One false positive in 23 critical alerts (95.7% total precision).
That’s not luck. That’s architectural discipline.
Why Most Alert Systems Fail
Most systems optimize for sensitivity. They want to catch every event.
The result: alert fatigue. Teams learn to ignore the alerts because they fire too often.
The crying wolf problem
VIX ≥ 25 → ~28 alerts/year
VIX ≥ 30 → ~11 alerts/year
Most don’t matter. Teams stop listening.
Our system fires ~1.8 critical alerts per year (23 over 13 years).
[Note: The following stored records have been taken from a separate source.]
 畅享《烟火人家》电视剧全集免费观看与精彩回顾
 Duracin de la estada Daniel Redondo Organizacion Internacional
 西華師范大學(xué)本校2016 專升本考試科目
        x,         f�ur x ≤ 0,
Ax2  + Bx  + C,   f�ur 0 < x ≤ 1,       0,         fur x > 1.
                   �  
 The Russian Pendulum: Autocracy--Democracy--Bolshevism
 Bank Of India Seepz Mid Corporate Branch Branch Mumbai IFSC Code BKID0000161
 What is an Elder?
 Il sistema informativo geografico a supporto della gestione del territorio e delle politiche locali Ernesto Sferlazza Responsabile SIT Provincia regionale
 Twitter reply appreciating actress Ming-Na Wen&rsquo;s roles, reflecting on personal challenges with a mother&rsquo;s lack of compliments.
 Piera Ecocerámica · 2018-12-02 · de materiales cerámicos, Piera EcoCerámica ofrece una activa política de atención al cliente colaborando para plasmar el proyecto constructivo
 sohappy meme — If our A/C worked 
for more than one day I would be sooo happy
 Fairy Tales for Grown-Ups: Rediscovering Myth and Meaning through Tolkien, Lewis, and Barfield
When it speaks, it means something.
2023: The Restraint Proof
In March 2023, SVB collapsed on Friday. Signature Bank was seized on Sunday. First Republic wobbled.
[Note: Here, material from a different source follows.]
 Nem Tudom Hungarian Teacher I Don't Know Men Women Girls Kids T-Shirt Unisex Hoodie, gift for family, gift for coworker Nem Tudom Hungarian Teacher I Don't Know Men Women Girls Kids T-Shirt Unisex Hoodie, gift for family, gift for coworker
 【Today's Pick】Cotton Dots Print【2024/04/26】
VIX opened Monday around 26 and traded above 30 intraday.
What a threshold system would do
VIX ≥ 25: ALERT
VIX ≥ 30: CRISIS ALERT
Escalate in real time
What our system did
Classified: Turning State (regime inflection)
No Systemic Stress alert
No Volatility Spike alert
The system identified risk, but distinguished it from a cascade.
It said pay attention, not exit.
What happened
VIX closed below 20 by March 28
SPX recovered within days
Market finished the year higher
The banks failed. The system didn’t. The crisis didn’t cascade.
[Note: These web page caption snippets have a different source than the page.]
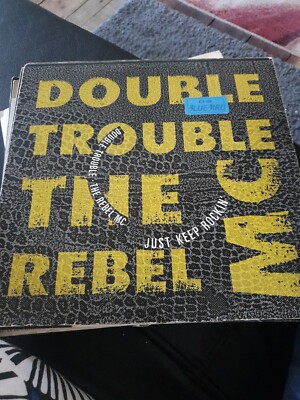 Rebel MC, JUST KEEP ROCKIN, Double Trouble  12'' Vinyl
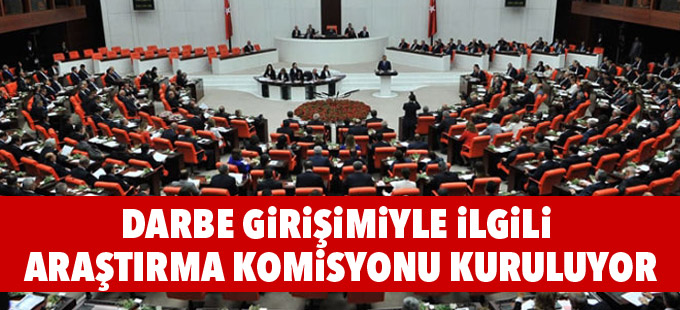 Darbe girişimiyle ilgili araştırma komisyonu kuruluyor
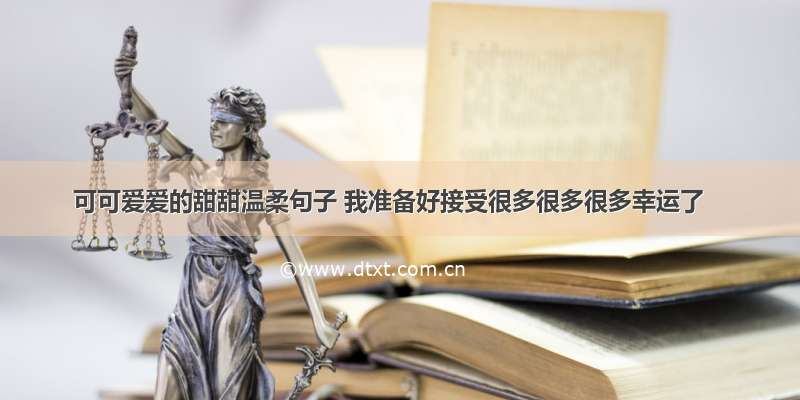 可可爱爱的甜甜温柔句子 我准备好接受很多很多很多幸运了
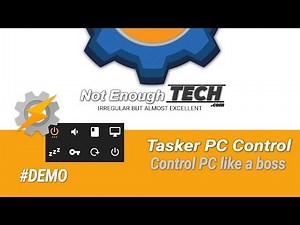 TASKER - Control your PC like a boss #DEMO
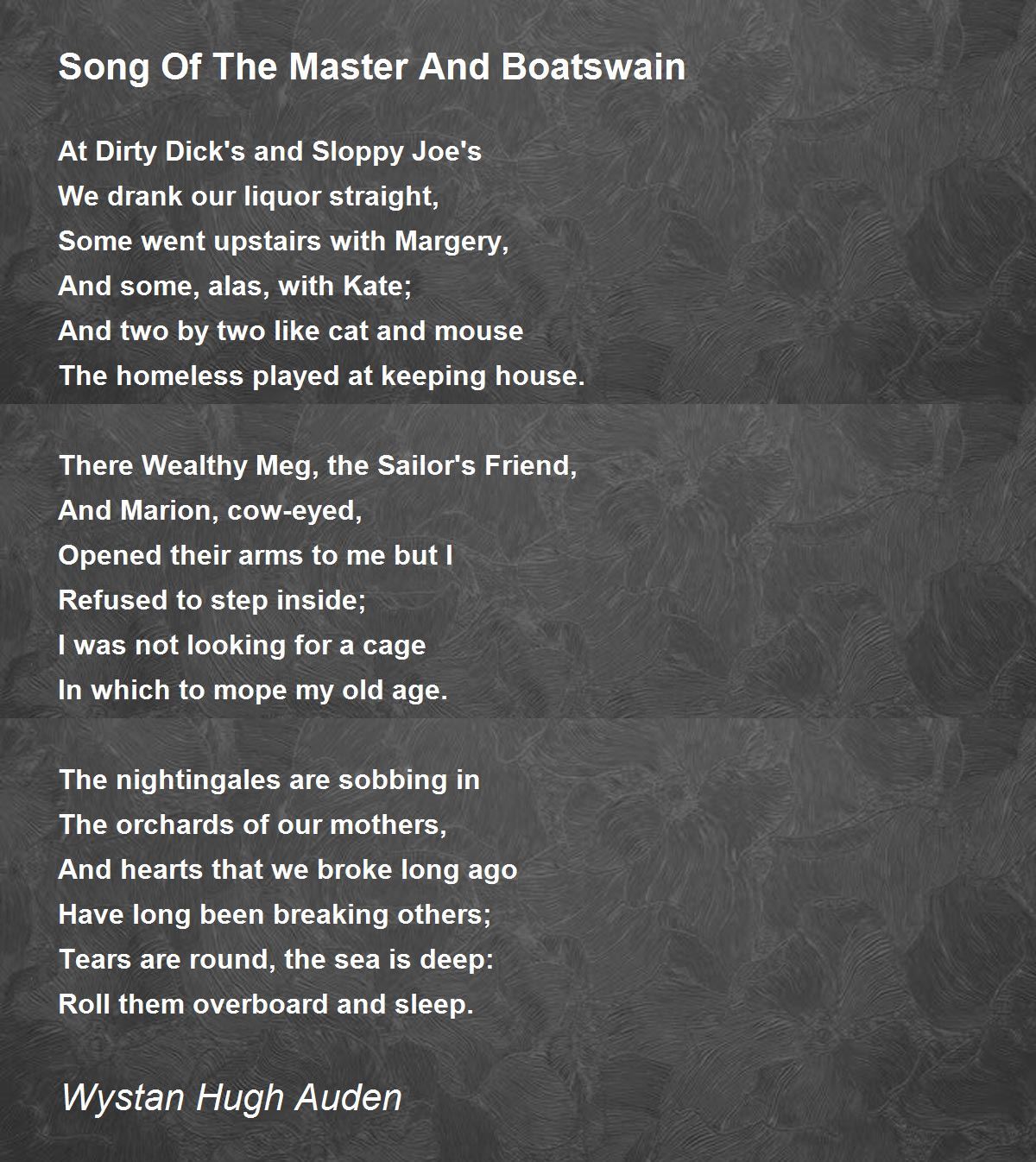 Song Of The Master And Boatswain Poem by Wystan Hugh Auden Poem Hunter
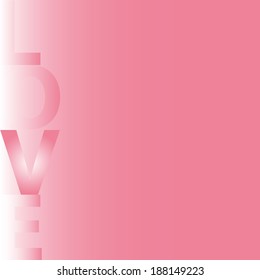 Pink background with transparent word love, illustration.
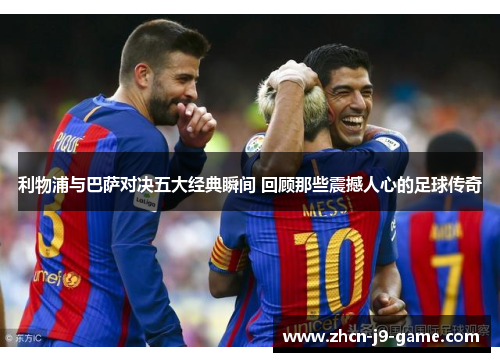 利物浦与巴萨对决五大经典瞬间 回顾那些震撼人心的足球传奇 利物浦与巴萨对决五大经典瞬间 回顾那些震撼人心的足球传奇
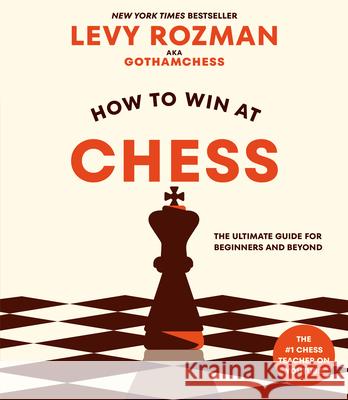 How to Win at Chess: The Ultimate Guide for Beginners and Beyond Levy Rozman 9780593840108 Ten Speed Press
How Do You Build a System That Says “No”?
Not by loosening thresholds.
You build it by demanding the same story across independent measures.
A VIX spike can be hedging demand.
Market weakness can be positioning unwind.
Even both together can resolve quickly.
Critical escalation is reserved for moments when multiple independent measures align and the market behaves like a cascade.
When they do not, the system stays in non-critical states (Turning, Stress) and keeps the critical channel quiet.
2023 had the VIX spike. It did not behave like a cascade.
The system knew the difference.
The Cost of Crying Wolf
Every false alert has a cost:
Direct cost: unnecessary trades, hedging premium, transaction costs
Opportunity cost: missing upside while de-risked
Trust cost: teams stop believing the system
March 2023: a false alert would have de-risked into a strong year.
October 2024: a false alert would have de-risked before the post-election rally.
The system said “no” both times. Both times, correct.
The Real Metric
Most systems report hit rate: “We caught X out of Y events.”
That’s half the story.
The other half: “How often did you fire when nothing happened?”
141:1.
For every critical escalation, we correctly said situation contained about 141 trading days.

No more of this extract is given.